*Task item*: Your copy should begin at the line containing "Desenho expressivo de elefante" and end at the last line of the records below, matching each line exactly and leaving out pictures.

*Data extracts*:
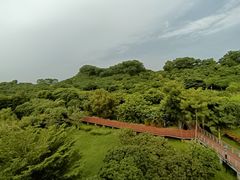 -立新湖公园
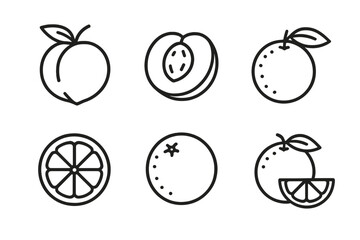 Outline illustrations of peaches and oranges with cross-sections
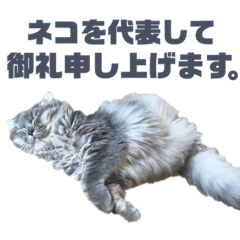 [LINEスタンプ] 1歳になったミミ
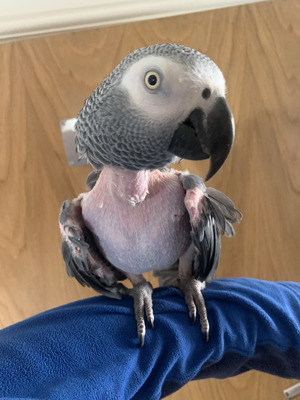 African Grey for Rehoming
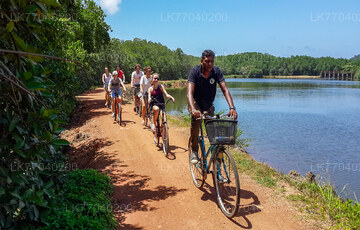 Lagoon Village by Bicycle from Galle
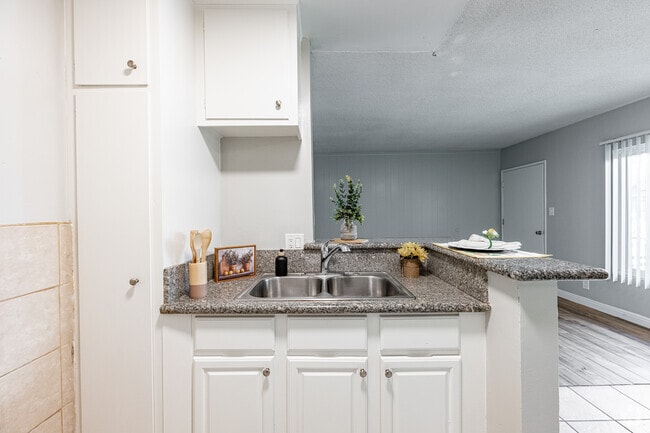 1 habitación, 1 baño - 600 pies cuadrados - Cocina
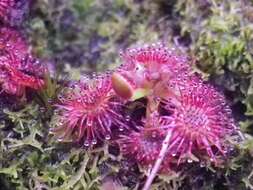 Image of spoonleaf sundew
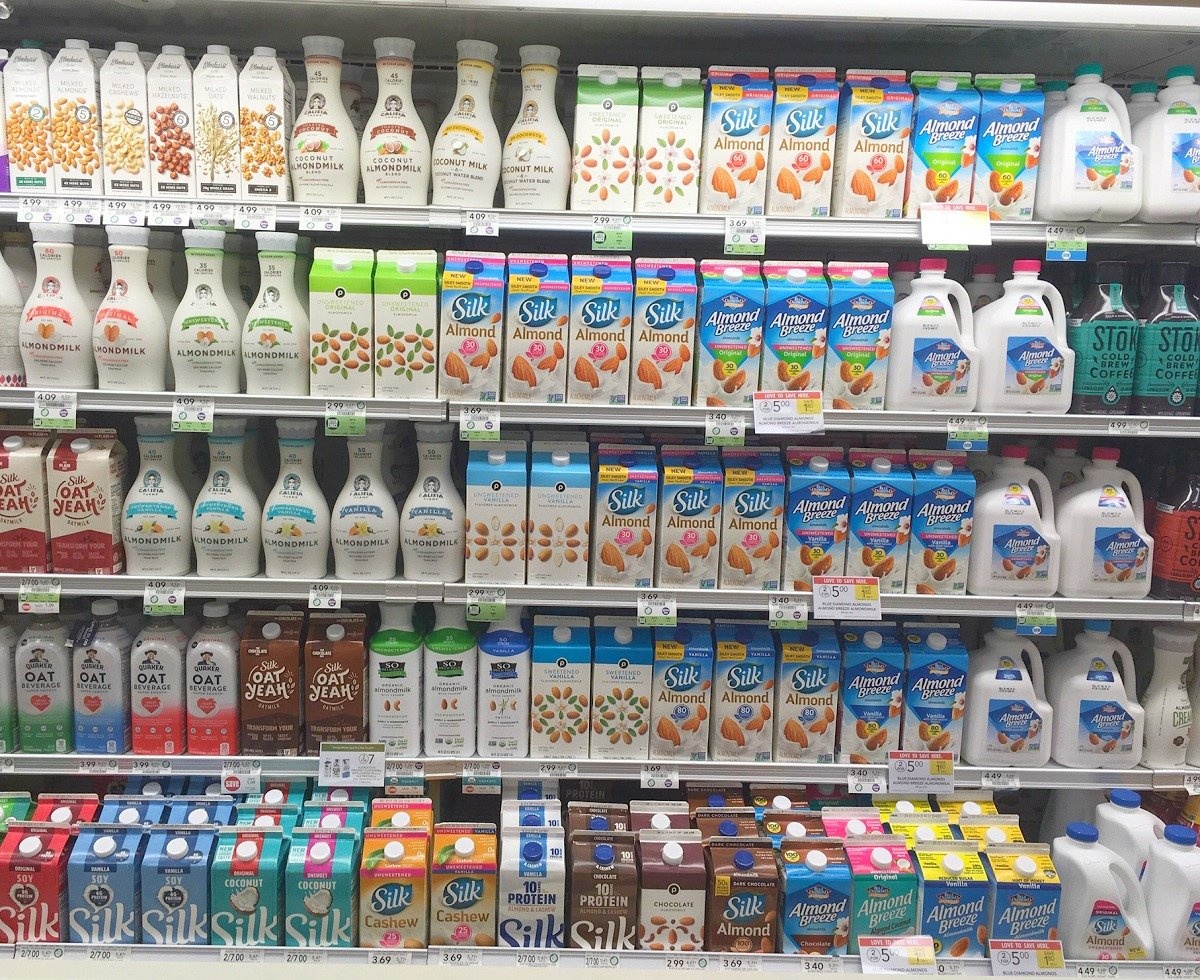 nganh cong nghiep do an chay anh 2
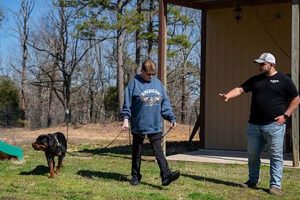 Dog Training Company My Caring Dog – Tips, Stories, and Care Guides for Loving Pet Owners Dog Training Company | My Caring Dog – Tips, Stories, and Care Guides for Loving Pet Owners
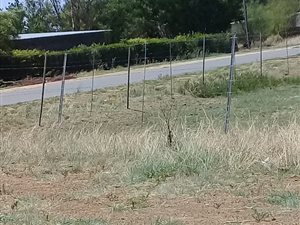 2581 m² Land available in Bloemhof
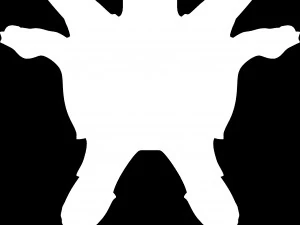 sapo engra&ccedil;ado Modelo 3D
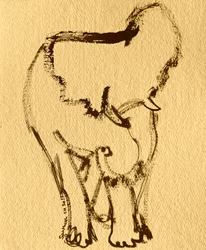 Desenho expressivo de elefante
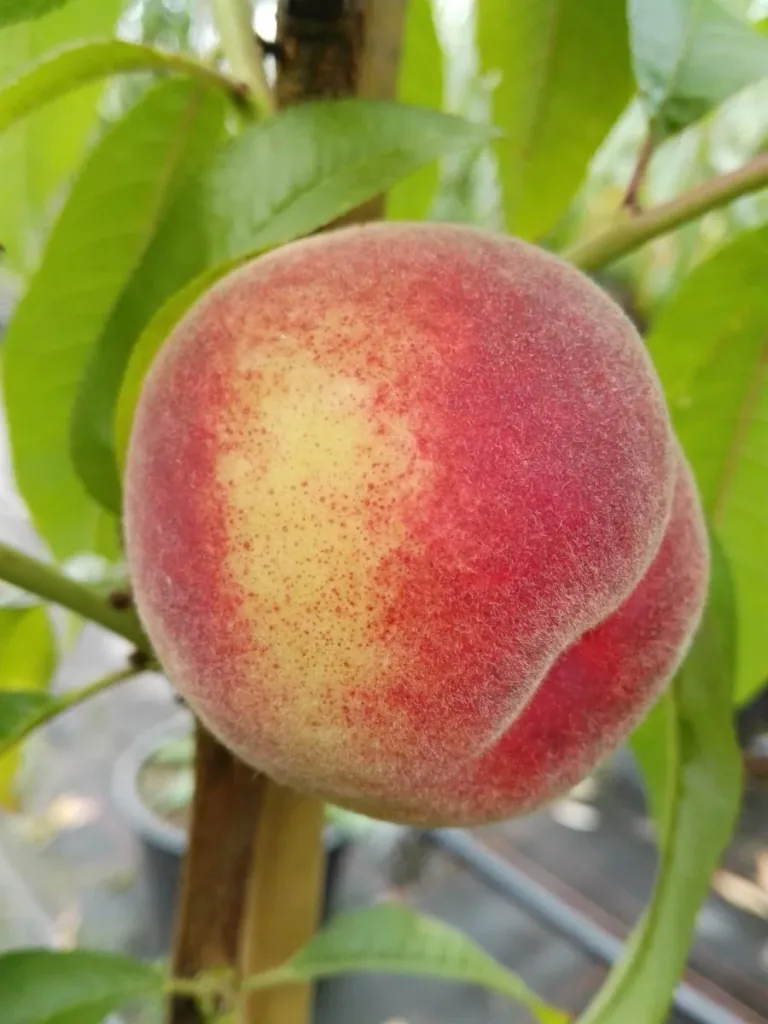 Pfirsich 'Kernechter vom Vorgebirge' (Prunus persica) – winterharter Obstbaum, als Halbstamm, im 10-L-Container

*Answer below*:
 Desenho expressivo de elefante
 Pfirsich 'Kernechter vom Vorgebirge' (Prunus persica) – winterharter Obstbaum, als Halbstamm, im 10-L-Container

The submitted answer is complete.